■ Your goal: Retype all of the listing exactly, passing over any picture you find.
BEGIN The data
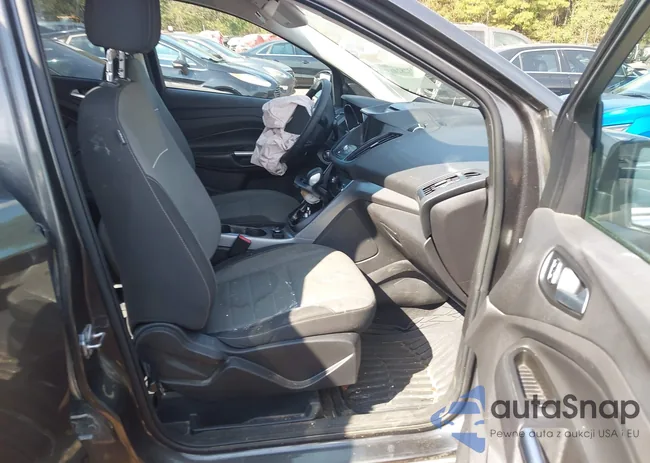 1FMCU9G99FUB45481: 43282467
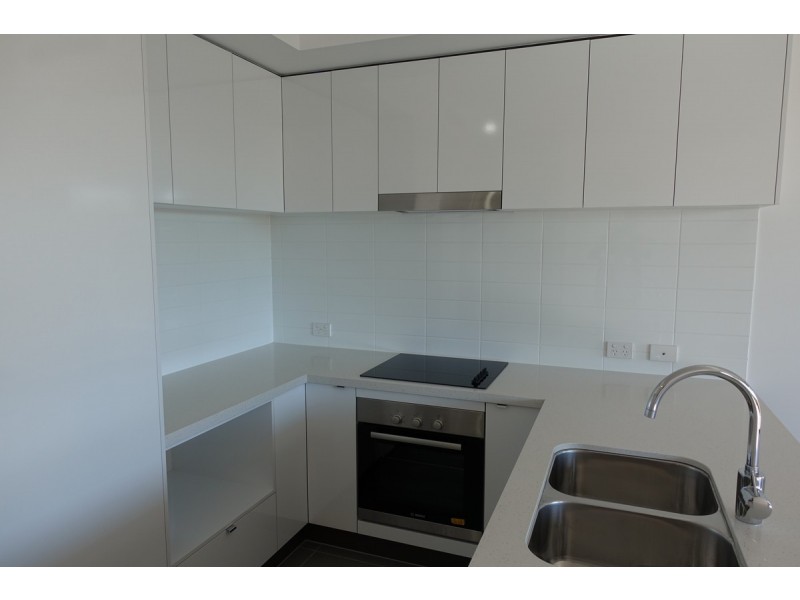 166 Nottingham Road, Parkinson QLD 4115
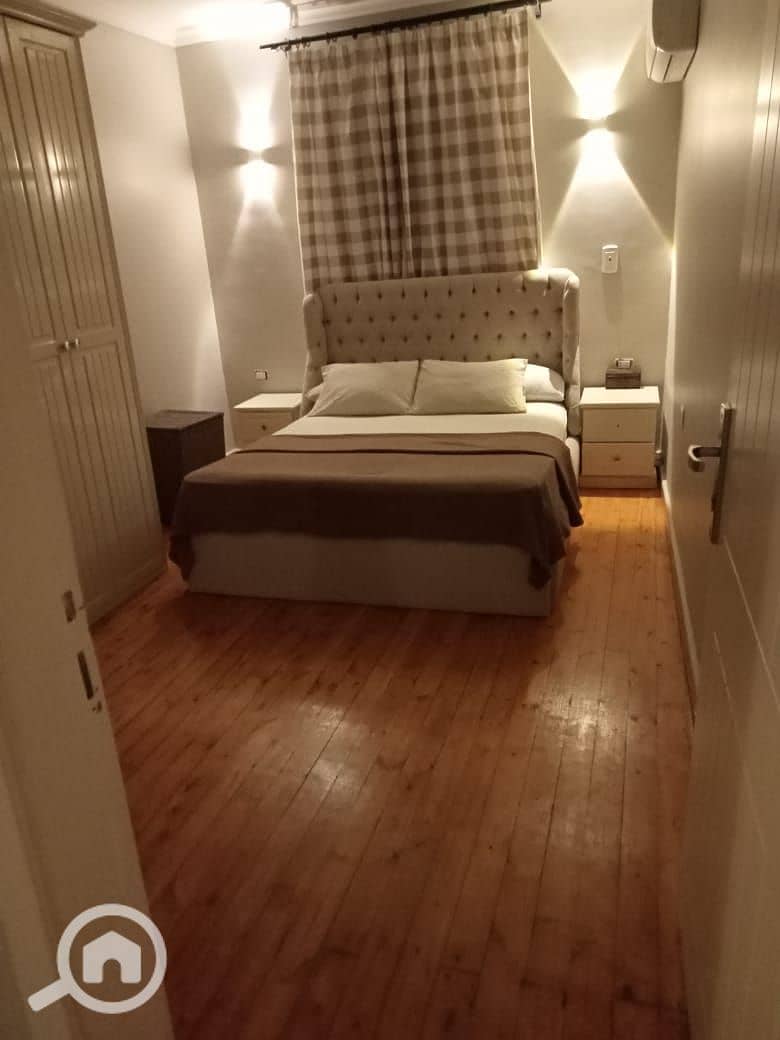 9 WhatsApp Image 2026-01-19 at 11.51. 08 AM. jpeg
END The data
■ Reply to the exercise:
 1FMCU9G99FUB45481: 43282467
 166 Nottingham Road, Parkinson QLD 4115
 9 WhatsApp Image 2026-01-19 at 11.51. 08 AM. jpeg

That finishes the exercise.